1. Field of Invention
This invention relates to high energy particle detectors and more particularly to modular high energy particle detectors which may be arranged to form large detector arrays with a uniform pattern of detector elements and which may be conveniently connected one behind the other to form stacks of detector arrays. The invention further relates to means for reading out signals generated in the separate detector elements while maximizing the total area of the array covered by detector elements.
2. Background Information
A class of detectors for the detection of charged high energy particles in the silicon calorimeter. These calorimeters are essentially passive devices in which high energy particles, normally having energies greater than one billion electron volts, impinge upon a stack of metallic plates. Each incident particle causes particles within the plates to "shower" out. The stack of plates is thick enough to contain a fully developed shower. Silicon based detector elements then detect the showering particles and provide a signal to measuring equipment which is approximately proportional to the incident particle energy. By providing an x-y array of outputs, the approximate coordinates of the incident particle as well as its energy can be determined.
A strong trend in semiconductor device technology has been toward integrating many devices and circuits on the same chip.
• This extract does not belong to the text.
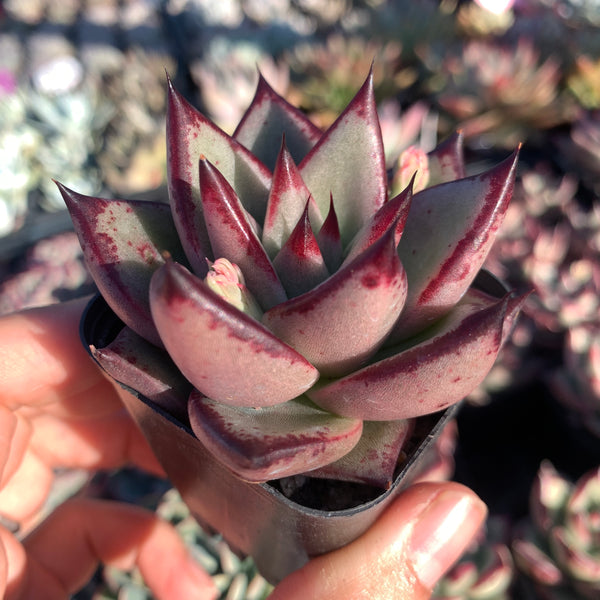 Echeveria Agavoides Love Story 爱情故事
These techniques have been applied to silicon calorimeters as discussed in Nuclear Instruments and Methods in Physics Research A238(1985) 53-60, North-Holland Amsterdam, where a 38 cm.sup.2 silicon/lead sandwich calorimeter is described, and in the same publication at A251(1986) 275-285 where a 64 cm.sup.2 silicon/tungsten sandwich calorimeter is detailed. These calorimeters utilize circular detector wafers with a checkerboard array of electrode strips to provide the coordinates of particle incidence. These devices have edge terminal strips which together with the circular configuration of the wafer would create large dead spaces if similar units were placed side by side to construct a larger array.
Another limitation of such large detectors with multiple detector cells integrated on a single semiconductor wafer is the cost of such devices. One factor in the cost of such a device is that a defect in any portion of the wafer requires replacement of the entire unit. In addition, it is a major task to change the geometry of such a detector.